What Is Crr?why Is It Affecting Bank Stocks

#1
Well we have seen two times that banks crash on hearing the news of CRR hike.But what is CRR?CRR is nothing but Cash Reserve Ratio.Its increased 50 basis points as per the latest guidelines.But how will affect the fundamentals of a bank.
Well it affects the banks operating margin in macro level.You may ask how?The answer is simple.CRR is nothing but the amount of mney every bank has to deposit to the RBI.Its now around 6%.Which means if a bank has 100 crores they have to keep 6 croes with RESERVE BANK OF INDIA as reserve.Why is this CRR?IS it really needed?
Yes CRR is necessary to have control over the money freely available that is control Liquidity.Now one has to remember more the liquidity more the inflation because if u have money u often afford to spend it which means u are ready to pay the extra premium which causes extra demand and more price and hence inflation.Now by raising the CRR the banks has to keep more money from their balance sheet to sleep inside RBI and help to control liquidity and there by inflation.
To meet the raised reserve ratio banks raise their prime lending rate so as to manage their balance sheet which inturn increase the housing rates and other lending rates and therby scaring people to go for fresh loans and there by control liquidity.
And RBI says it will suck 14000 crores by raising CRR.
cheers,
2003
 
#2
Why is this CRR?IS it really needed?
Yes CRR is necessary to have control over the money freely available that is control Liquidity.
cheers,
2003
Hi!

I would like to differ a bit over here. CRR is not necessary to control the supply of money (M3). The objective behind maintenance of CRR and SLR is to ensure the solvency and liquidity of the bank. However, these two ratios are frequently used by the Central Banks to tighten the money supply into the economy.

Best Regards,
--Ashish
 
#4
Hi!

I would like to differ a bit over here. CRR is not necessary to control the supply of money (M3). The objective behind maintenance of CRR and SLR is to ensure the solvency and liquidity of the bank. However, these two ratios are frequently used by the Central Banks to tighten the money supply into the economy.

Best Regards,
--Ashish
Hi Ashish,

what is M3? Also what is SLR? How it is different from CRR. Thanks.
 
#5
Slr & M3

Hi Ashish,

what is M3? Also what is SLR? How it is different from CRR. Thanks.
Hi!

Statutory liquidity ratio (SLR) is the %age of a bank's liability which it's required to maintain in the form of Permitted securities like government securites. While CRR is required to be maintained in Cash or liquid-cash (gold) form, SLR is required to be maintained in the form of approved securities.

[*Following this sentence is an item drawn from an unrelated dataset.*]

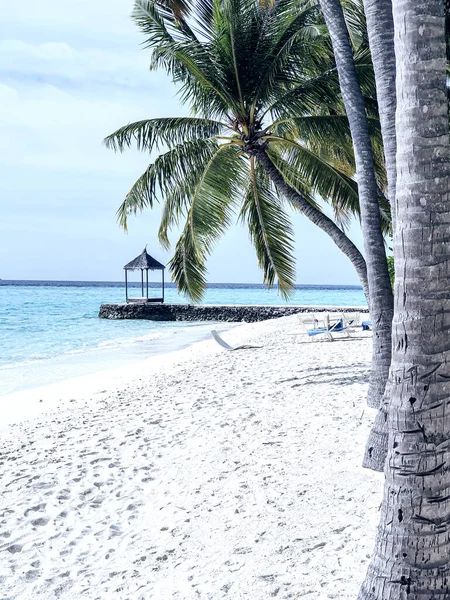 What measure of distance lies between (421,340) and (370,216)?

Like any other commodity, the price of money can be determined by price-supply equilibrium. M is the measurement of money supply. Depending upon the circumstances and perspective, money supply is measured from a short-term or long-term perspective.M0 to M3 are different measures of money supply with M3 denoting the longest term.

The different M's are:

M0: The total of all physical currency, plus accounts at the central bank which can be exchanged for physical currency.
M1: M0 + the amount in current bank accounts.
M2: M1 + savings accounts+money market accounts.
M3: M2 + all other Certifice of Deposits, Euro Deposits & repurchase agreements.